Author: Longhow Lam
Introduction
Databricks has gained popularity over the years. The possibility to set up managed spark clusters, provides data scientists a means to scale workflows to the cloud easily. It lacks however a good GUI to be attractive for a broader group of citizen data scientist or advanced business users. Moreover, it is not easy to push only certain parts of your data science workflow to the cloud, making it more cost effective to use cloud infra structure.
That’s where Dataiku with the new tight integration with Kubernetes (k8s) comes in. Kubernetes has become very popular the last few years in the machine learning world. The flexibility to quickly scale up or down makes k8s very handy for training machine learning models and model deployment. The challenge however: Setting up the right infrastructure and machine learning training jobs can still be quit a technical exercise, requiring more dedicated data engineers or machine learning engineers.
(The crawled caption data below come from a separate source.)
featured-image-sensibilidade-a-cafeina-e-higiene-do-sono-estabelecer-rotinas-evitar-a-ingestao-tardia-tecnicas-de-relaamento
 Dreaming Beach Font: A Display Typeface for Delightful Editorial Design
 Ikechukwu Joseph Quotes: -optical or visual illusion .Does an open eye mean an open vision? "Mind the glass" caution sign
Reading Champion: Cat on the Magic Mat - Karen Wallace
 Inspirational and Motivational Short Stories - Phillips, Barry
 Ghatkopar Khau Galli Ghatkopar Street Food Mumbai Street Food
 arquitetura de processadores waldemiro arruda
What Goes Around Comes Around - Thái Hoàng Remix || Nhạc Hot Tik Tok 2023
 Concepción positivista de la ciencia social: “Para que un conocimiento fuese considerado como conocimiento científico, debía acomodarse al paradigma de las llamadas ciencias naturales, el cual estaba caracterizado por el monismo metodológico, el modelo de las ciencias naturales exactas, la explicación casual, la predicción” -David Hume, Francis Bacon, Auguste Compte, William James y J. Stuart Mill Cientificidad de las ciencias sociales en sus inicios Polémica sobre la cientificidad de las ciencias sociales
In this brief write-up you will see how easy it is to work with kubernetes in Dataiku.
Dataiku and kubernetes
Dataiku provides a nice user interface where a lot of technicalities of working with k8s have been abstracted away, brining the power of kubernetes closer and more accessible to end users. In Dataiku there are different aspects of the data science workflow that can integrate with k8s. One aspect is pushing trained models into production in containers as API. An earlier brief write-up on this can be found here.
Another aspect is to push certain parts of your data science workflow to kubernetes clusters. Now the nice thing with Dataiku is that you can have your Dataiku server on premise or in the cloud on “a just big enough” machine to serve your users and push jobs in your data science workflow that require heavy lifting to containers and close down when those jobs have finished. This way you can deal in a very cost efficient way with cloud infrastructure.
Parts of the workflow that can be pushed to container execution;
- Running Spark jobs in containers,
- Running notebook kernels in Dataiku in containers,
- Running a part of the data science workflow in containers.
Let’s focus on the last two points. Suppose we have prepared a data set to build a machine learning model, the data is rather large and we want to try many different models and hyperparameter tuning.
On the one hand, you don’t want to swamp the Dataiku server with your hefty model training and influence the performance of other users on the Dataiku server negatively. But on the other hand, you want to claim the full power of the server for just your job. Here is what you can do, why not push the job to a (disposable / temporally) kubernetes cluster!
Kubernetes on Google Cloud Platform
Dataiku supports (on premise) un-managed clusters as well as managed kubernetes clusters on the three major cloud providers (Azure, AWS and GCP). My personal favourite is GCPso let me use that here. It only takes a few easy steps to make use of kubernetes in Dataiku.
Step 1. Prepare the Dataiku machine
Make sure the server where Dataiku is installed has set up the ‘gcloud‘, ‘docker‘ and ‘kubectl‘ commands. Moreover, the machine must have the appropriate permissions to push images to the Google Container Registry (GCR) service and have full control on the GKE service.
Step 2. Setup a kubernetes cluster
If you are given the rights, you can now start kubernetes clusters on GCP with the Dataiku interface. In the settings pane you can either create a new cluster or attach your Dataiku session to an existing cluster that is already running on GKE.
When creating a new cluster, you need to specify at least the name of the cluster and the node pools (i.e. machine type and number of nodes). There are many more things you can specify, we’ll leave them at their default values here. A cool thing to do is to attach GPU’s to your node pools to speed up the training of deep learning models.
Then it takes a few minutes for the new cluster to start and be available. Once it is there you can see the cluster in the google cloud console, or within the Dataiku software you will see that the cluster is available.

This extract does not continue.